120 任那興亡史
百済の進出は、四縣の領有で完結したわけではない。続いて翌年における己汶・帯沙地方の要求となる。
(春野註・ここからの末松氏の筆記は書紀・継体7年夏六月の條による)513年夏六月、四縣割譲の責任者、穂積臣押山(百済本記によれば委の意斯移麻岐弥であると書紀中に註あり。・・・書紀では委にヤマトとふりがなを振っているが、委は倭と読んだ方が適当ではあるまいか!・春野記)は、その預かっていた哆唎国が百済領になったためであろうか百済の使者とともに帰朝した。百済はこの時五経博士(儒教と漢文古典に堪能な者)段楊雨を送り別に奏上して言った。

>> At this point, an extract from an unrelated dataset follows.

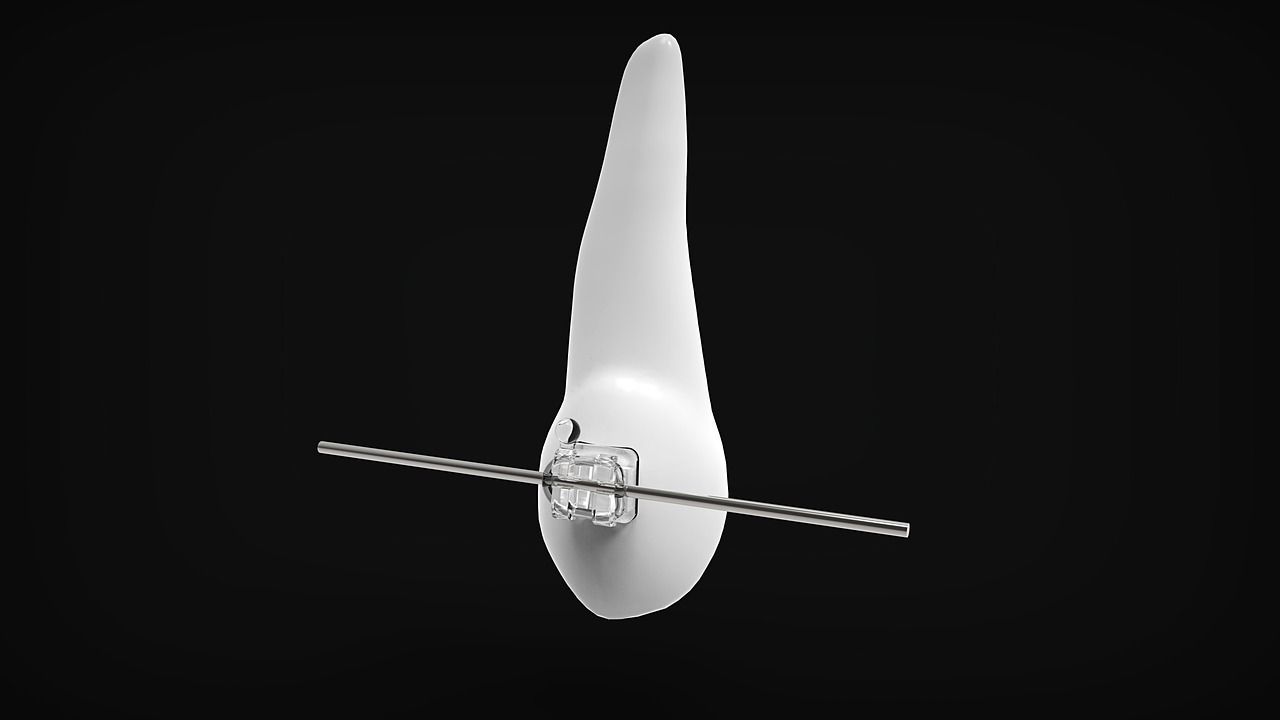 Diente con soporte metálico y alambre, sobre fondo negro.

「伴跛の国は吾が百済国の己汶の地を略奪しました。天恩と判断によりもとの国に戻してくださる様、伏して願います」
(末松氏・書紀・継体七年十一月の條を引用)冬十一月朝廷に百済・新羅・安羅・伴跛の使者を朝庭にひき連ねて、己汶・帯沙をもって、百済に与える旨のお言葉があった。同じ月、伴跛は使者を遣わして珍宝を献じ、己汶の地を請うたが、遂に賜らなかった。
前年における四縣割譲は、任那の歴史からいえば、劃期的退歩の事件であるが、このような事が実現したと言う事は、また相当な理由のあることであった。百済にはこのような重大な請求を提出しうる力が備えられたからであり、請求しないではいられない情勢に到達したからであり、日本には、その請求を受け入れねばならない実情があったからであり、受け入れられる状態にあったからである。
百済にこのような請求をなさしめるものは軍事力というより、文化力にあると言わねばならない。ここに史上はじめて登場する五経博士の到来は、それを示すものである。百済からの文化の輸入、文化人の到来は、従来すでに久しく続けて行われていたであろうが、ここに至って飛躍した。五経博士は、いわば前年の四縣割譲の代償であるといえる。百済からの文化輸入は、五経博士の到来をもって一期を画し、企画化されるのである。
百済は伴跛国の己紋略奪を訴えているが、これは形を変えた已紋割譲の請求といえる。すなわち伴跛云々は文献上の造作に過ぎないと思う。当時、伴跛は任那諸国(加羅諸国)北部の代表的勢力であったと思われる。ゆえに伴跛と百済の領土争いは、単なる両国の戦いではなくて、任那諸国(加羅諸国)と百済との戦いと見なければならない。